Activity
In the records below, find the line containing "Jaguar XF S"; give it again exactly, along with every line that follows, and nothing else.

Stored data
===============

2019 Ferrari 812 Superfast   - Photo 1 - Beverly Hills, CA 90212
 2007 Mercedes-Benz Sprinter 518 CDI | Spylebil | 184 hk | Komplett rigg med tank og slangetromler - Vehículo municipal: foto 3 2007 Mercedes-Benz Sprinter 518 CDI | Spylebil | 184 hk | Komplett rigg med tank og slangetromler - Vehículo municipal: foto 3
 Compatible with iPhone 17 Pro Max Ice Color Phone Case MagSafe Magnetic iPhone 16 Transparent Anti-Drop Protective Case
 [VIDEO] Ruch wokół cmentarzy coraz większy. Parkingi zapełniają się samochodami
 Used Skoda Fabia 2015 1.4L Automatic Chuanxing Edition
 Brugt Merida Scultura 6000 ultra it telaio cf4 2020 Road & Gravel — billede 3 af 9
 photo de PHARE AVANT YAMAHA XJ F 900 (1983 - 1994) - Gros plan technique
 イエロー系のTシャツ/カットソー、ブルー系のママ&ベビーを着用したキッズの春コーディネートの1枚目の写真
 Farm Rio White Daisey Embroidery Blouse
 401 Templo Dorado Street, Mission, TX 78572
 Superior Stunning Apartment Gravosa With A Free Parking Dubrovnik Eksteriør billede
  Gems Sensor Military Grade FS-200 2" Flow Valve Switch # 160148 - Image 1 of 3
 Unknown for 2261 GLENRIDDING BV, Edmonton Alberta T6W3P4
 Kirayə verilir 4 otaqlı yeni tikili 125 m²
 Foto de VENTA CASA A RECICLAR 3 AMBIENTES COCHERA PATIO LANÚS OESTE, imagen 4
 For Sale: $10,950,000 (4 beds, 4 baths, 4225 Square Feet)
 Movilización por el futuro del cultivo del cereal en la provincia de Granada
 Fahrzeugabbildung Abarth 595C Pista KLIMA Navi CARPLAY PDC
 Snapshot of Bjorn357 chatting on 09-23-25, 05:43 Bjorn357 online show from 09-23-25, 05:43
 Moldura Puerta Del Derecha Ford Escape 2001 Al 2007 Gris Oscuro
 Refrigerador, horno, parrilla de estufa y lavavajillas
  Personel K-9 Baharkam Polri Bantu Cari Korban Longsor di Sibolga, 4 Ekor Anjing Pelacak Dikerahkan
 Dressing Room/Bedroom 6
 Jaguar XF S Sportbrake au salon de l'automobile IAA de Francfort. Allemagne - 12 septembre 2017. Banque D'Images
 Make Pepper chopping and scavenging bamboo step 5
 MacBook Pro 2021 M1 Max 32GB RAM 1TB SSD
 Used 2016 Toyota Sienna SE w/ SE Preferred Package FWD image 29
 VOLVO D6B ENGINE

===============

Solution
 Jaguar XF S Sportbrake au salon de l'automobile IAA de Francfort. Allemagne - 12 septembre 2017. Banque D'Images
 Make Pepper chopping and scavenging bamboo step 5
 MacBook Pro 2021 M1 Max 32GB RAM 1TB SSD
 Used 2016 Toyota Sienna SE w/ SE Preferred Package FWD image 29
 VOLVO D6B ENGINE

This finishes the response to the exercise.